If you have an interest in European art, Alte Pinakothek should be on your list of places to visit. It only costs €1 on Sundays and like other museums is closed on Mondays. The Alte Pinakothek contains works from the 14th to 19th centuries. Unfortunately, the Neue Pinakothek museum, which contains European art from the 19th and 20th centuries is closed for renovation. I was told at the Alte Pinakothek, that the Neue Pinakothek is closed for 10 years!
If you are interested in history, you might be interested in the Residenz, where the Wittelsbach family lived. Much of the palace has been restored as it suffered considerable destruction during World War II air raids by the Allies. A word of warning, the palace itself is quite large. There are two self guided tour routes, one long and one short. I took the long route and eventually decided to end my tour early as it was taking much longer than I anticipated. There is also a treasury that displays reliquaries, jewels, crowns, and more.
For those who enjoy parks, Munich has several. Olympiapark is where the 1972 Summer Olympics were held. For those looking for a “Central Park” type experience, try the Englischer Garden (English Garden). It is a large park in which one can lose oneself in greenery or commune with nature in one of its several beer gardens. There is a stream in the garden that generates a wave on which people try to surf. There are plenty of YouTube videos showing people surfing and wiping out.
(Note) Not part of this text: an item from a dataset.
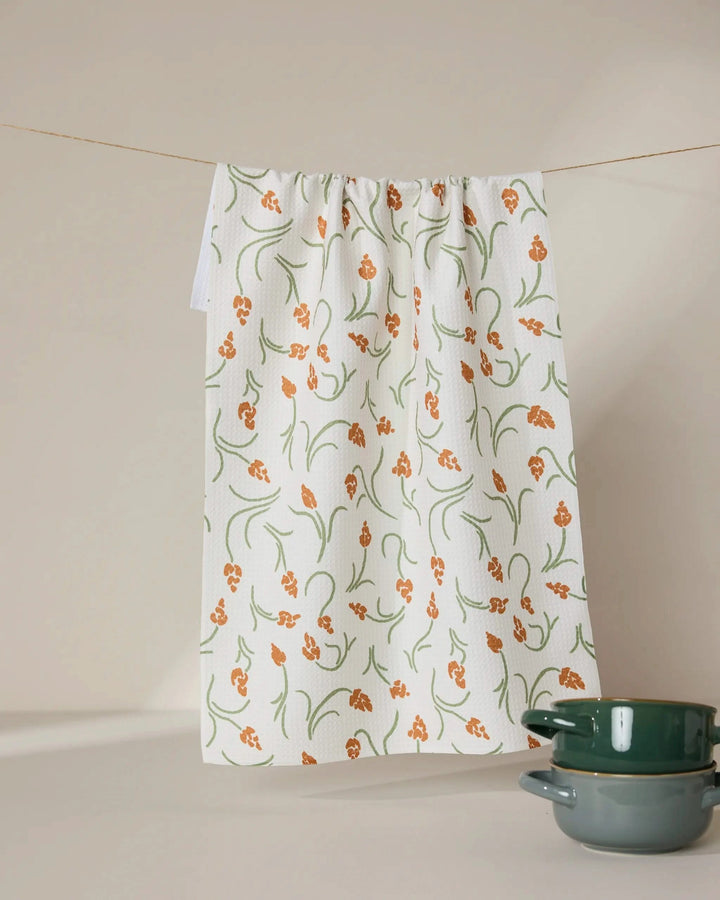 A GEOMETRY Crayon Floral recycled white kitchen towel with an orange and green floral pattern hangs on a line. Two green ceramic bowls are stacked in the bottom right corner against a beige background.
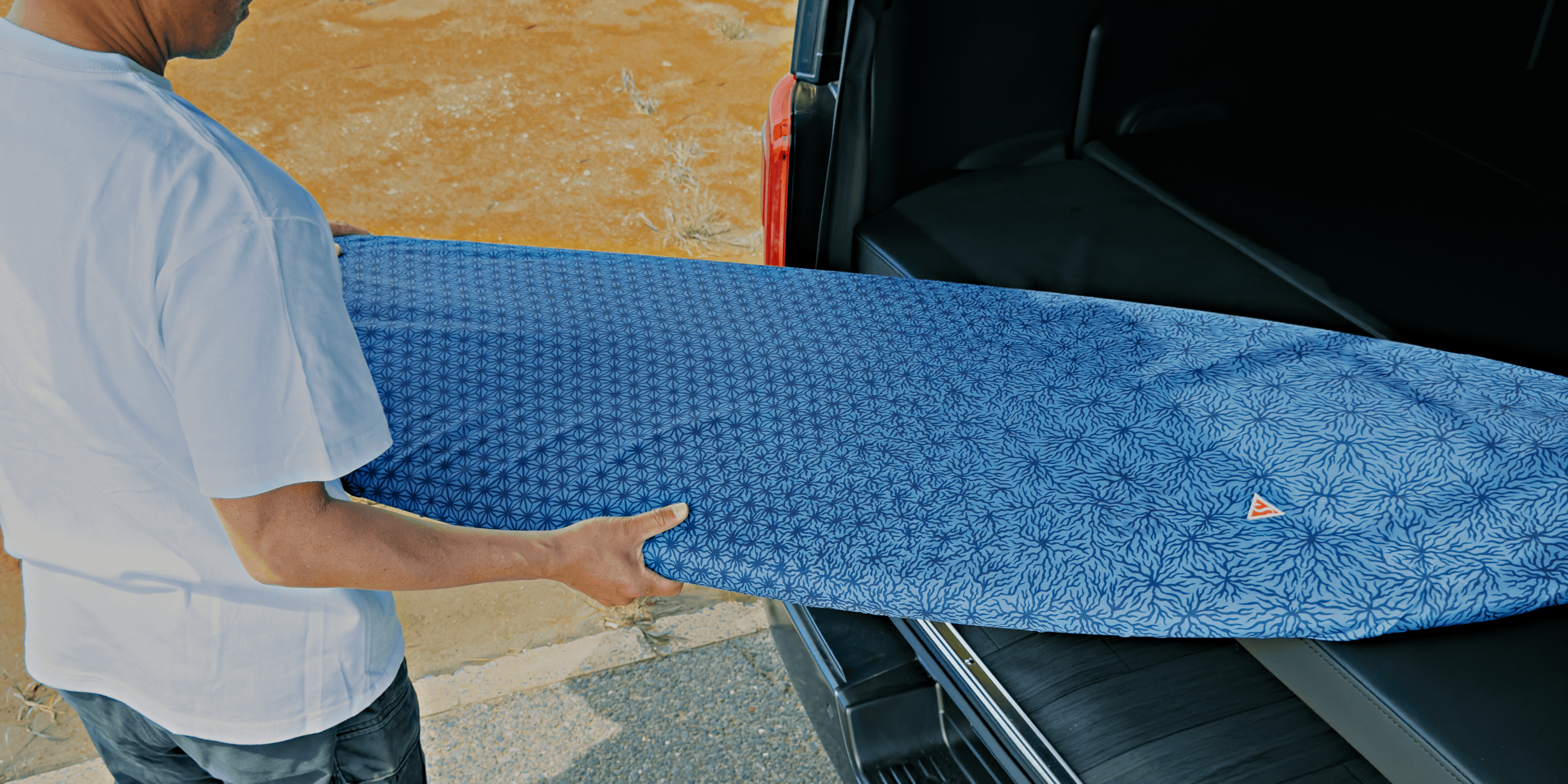 Journey Light サーフボードカバー Indigo を手に持つサーファー — Shign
If you arrive early, you may want to consider a day trip to Neuschwanstein, Linderhof, or
Oberammergau. Neuschwanstein was built by King Ludwig and was a model for Walt Disney in designing Cinderella’s Castle at Disneyland. It is fairly easy to get to via train and bus from Munich, or one can book a day trip bus tour. I would recommend buying tickets online in advance, particularly during the summer months.
Linderhof was also built by King Ludwig and typically has fewer crowds than Neuschwanstein. It somewhat resembles Versailles, but on a smaller scale, with extensive grounds containing gardens and a park. One can take a train to Oberammergau from Munich, then take a bus to Linderhof.
Oberammergau is a picturesque town in Bavaria that hosts a famous Passion Play every ten years. There is already construction underway for the play scheduled for 2020. Many of the shops there sell cuckoo clocks and steins if you’re looking for traditional Bavarian / Black Forest souvenirs.
I booked a day trip bus tour that picked up across from the main train station (Hauptbahnhof) in Munich. It included admission to both Neuschwanstein and Linderhof, with a short stop in Oberammergau. I enjoyed not driving and being able to take a short nap on the way back, although it was a long day.
Public transportation via commuter train / metro is quite easy in Munich with the U-bahn and S-bahn. Stations are quite clearly marked with either an “S” or “U”. Once you know the terminal station on the line you wish to use, it is fairly easy to navigate. There are also multiple tram lines that may stop at stations in between the S and U bahn stops. Ask your hotel if they have a map with the tram lines. The same ticket may be used on the S-bahn, U-bahn, and tram. Do keep your ticket handy though as it can be a hefty fine to travel without a ticket. It is rare that the train security officers check for tickets, but I was asked on my second day in Munich.